ImageSaturday 25 October ~

There’s been something not quite right about the German team these past couple of years. It has nothing to do with its more positive, attacking approach and uncharacteristic outbreaks of flair during important games, all things to be welcomed by the discerning neutral. It’s been more the uncanny calm and harmony supposedly at play in the team camp ever since Jürgen Klinsmann introduced as part of his team preparations all kinds of Californian-influenced flam like psychologists and statues of Buddha. It was never a fully convincing fit for a country that has produced an endless stream of gifted but arrogant, outspoken and sometimes just plain unpleasant players who were never slow to criticise managers, team-mates or fans. The rhetorically hostile tradition of the likes of Stefan Effenberg, Lothar Matthäus, Andy Möller, Franz Beckenbauer and Günter Netzer could surely not be cast aside by lighting a few candles and murmuring the perceived wisdom of fake gurus.

Thanks goodness for team captain Michael Ballack, capped 89 times, who this week broke the unnaturally imposed silence to heavily criticise the selection policies of Klinsmann’s successor and former assistant, Joachim Löw. Ballack is an old-style German player who, despite his on-field gifts, does not naturally endear himself to either fans or team-mates. His beef with Löw follows a media-fuelled fight with Löw’s assistant Oliver Bierhoff that ran for several weeks this summer after Ballack objected to the latter’s order at the end of the Euro 2008 final to go over and thank the German fans. Ballack, who’s suffered a fair number of defeats in major finals, was not minded to, as Margaret Thatcher might once have put it.

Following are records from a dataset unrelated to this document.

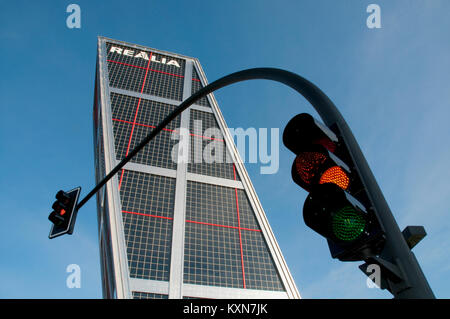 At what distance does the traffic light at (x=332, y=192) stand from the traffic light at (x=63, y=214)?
5004mm

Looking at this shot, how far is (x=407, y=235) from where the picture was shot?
2.16 m

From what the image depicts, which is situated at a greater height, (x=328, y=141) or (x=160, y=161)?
(x=160, y=161)

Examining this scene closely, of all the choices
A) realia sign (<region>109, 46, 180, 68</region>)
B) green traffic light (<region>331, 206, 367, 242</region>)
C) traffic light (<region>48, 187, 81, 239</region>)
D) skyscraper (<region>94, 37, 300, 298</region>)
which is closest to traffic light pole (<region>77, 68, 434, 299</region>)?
green traffic light (<region>331, 206, 367, 242</region>)

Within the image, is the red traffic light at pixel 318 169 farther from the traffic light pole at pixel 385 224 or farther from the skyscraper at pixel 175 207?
the skyscraper at pixel 175 207

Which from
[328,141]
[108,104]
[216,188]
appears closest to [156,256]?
[216,188]

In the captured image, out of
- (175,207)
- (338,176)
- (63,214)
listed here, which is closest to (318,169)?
(338,176)

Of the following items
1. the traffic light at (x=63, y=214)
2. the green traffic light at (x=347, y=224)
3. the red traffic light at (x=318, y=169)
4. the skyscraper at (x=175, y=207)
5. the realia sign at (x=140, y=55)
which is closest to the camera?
the green traffic light at (x=347, y=224)

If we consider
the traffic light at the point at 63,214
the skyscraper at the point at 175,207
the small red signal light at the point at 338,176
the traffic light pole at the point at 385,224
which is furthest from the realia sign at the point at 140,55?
the small red signal light at the point at 338,176

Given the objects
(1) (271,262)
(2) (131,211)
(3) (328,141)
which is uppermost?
(2) (131,211)

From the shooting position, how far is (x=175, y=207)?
56.6 metres

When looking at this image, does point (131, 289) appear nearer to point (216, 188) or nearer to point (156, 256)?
point (156, 256)

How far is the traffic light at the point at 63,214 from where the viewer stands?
19.8 ft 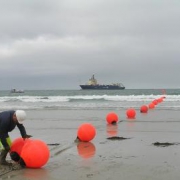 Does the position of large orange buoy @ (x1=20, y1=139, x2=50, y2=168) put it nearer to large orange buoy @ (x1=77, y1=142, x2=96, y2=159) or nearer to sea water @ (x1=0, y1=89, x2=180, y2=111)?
large orange buoy @ (x1=77, y1=142, x2=96, y2=159)

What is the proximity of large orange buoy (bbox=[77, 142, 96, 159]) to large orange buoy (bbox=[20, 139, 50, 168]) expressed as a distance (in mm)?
1798

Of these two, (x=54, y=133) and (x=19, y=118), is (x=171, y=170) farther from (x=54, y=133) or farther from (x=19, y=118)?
(x=54, y=133)

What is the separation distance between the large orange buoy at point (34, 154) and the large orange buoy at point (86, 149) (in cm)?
180

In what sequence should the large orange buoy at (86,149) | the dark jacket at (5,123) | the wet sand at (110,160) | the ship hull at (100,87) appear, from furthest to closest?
the ship hull at (100,87) < the large orange buoy at (86,149) < the dark jacket at (5,123) < the wet sand at (110,160)

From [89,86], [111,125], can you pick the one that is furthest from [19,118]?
[89,86]

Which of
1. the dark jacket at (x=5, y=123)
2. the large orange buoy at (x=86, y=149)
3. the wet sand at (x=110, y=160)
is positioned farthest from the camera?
the large orange buoy at (x=86, y=149)

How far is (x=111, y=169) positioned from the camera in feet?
27.1

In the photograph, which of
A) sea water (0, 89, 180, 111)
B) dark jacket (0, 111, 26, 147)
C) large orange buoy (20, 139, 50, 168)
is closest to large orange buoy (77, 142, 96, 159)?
large orange buoy (20, 139, 50, 168)

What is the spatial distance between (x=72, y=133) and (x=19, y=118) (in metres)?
7.51

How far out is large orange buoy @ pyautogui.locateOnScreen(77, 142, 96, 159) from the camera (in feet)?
33.4

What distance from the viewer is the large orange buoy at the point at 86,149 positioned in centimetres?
1017

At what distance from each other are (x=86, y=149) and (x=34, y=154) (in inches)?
128

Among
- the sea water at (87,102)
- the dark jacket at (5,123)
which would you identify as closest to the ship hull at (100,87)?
the sea water at (87,102)

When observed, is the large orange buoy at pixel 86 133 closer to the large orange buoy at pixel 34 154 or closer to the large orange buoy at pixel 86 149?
the large orange buoy at pixel 86 149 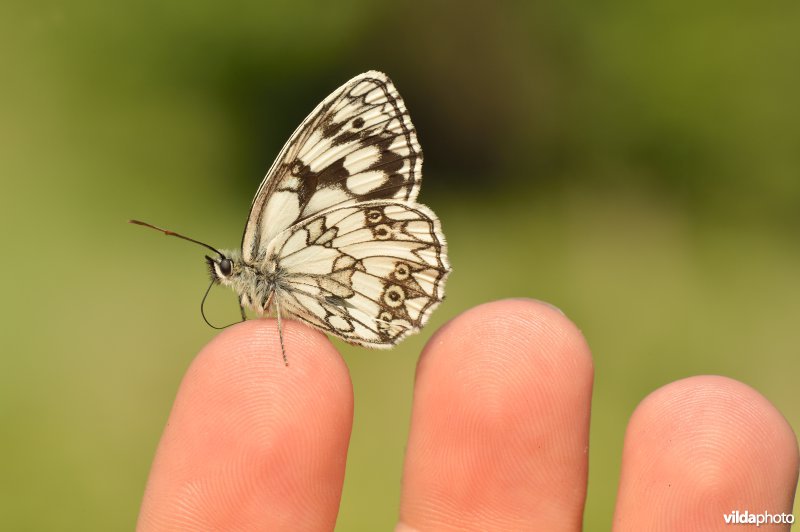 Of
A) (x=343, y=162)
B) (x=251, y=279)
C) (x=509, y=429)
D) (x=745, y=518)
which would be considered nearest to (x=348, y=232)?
(x=343, y=162)

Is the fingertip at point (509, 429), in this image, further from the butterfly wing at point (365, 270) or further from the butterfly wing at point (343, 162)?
the butterfly wing at point (343, 162)

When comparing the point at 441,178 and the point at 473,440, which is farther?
the point at 441,178

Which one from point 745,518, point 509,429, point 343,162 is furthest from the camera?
point 343,162

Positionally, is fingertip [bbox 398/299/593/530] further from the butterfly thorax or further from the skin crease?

As a Chelsea and former Bayern Munich player rarely associated with genial smiles and an accessible manner, Ballack may not enjoy widespread love. He was, however, articulate enough to state his case against Löw’s benching of friend and international midfield colleague Torsten Frings, and to show that he “well understood” the frustration of striker Kevin Kuranyi, who left the recent Germany v Russia game in a huff at half-time because he had not even been selected for the subs’ bench. Löw subsequently banned Kuranyi from the team, and even after a personal apology from the Schalke player said he would stick with his decision. In the face of Löw’s stated policy that he will only pick players on form, Ballack believes “respect and loyalty are the least that you can expect as an established national team player.” If past form at the highest level is no longer a criterion for selection, Ballack asked, “what direction are we heading in?”
 
The German FA didn’t react by addressing Ballack’s point, it merely condemned his having spoken out at all as “absolutely inappropriate,” in the words of president Theo Zwanziger. “In the interest of the success of the team, the authority of the national team coach must have the highest priority,” Zwanziger added. But where’s the fun in that? The German media has speculated all week that Löw will have little choice but to banish Ballack from the German team just as he did Kuranyi, and commentators have largely judged Ballack’s comments as a provocation. Latest reports signal that the two have talked on the phone to arrange a crisis meeting, which Löw has insisted must take place in Germany. Given the tone so far, compromise and unity seem a distant prospect.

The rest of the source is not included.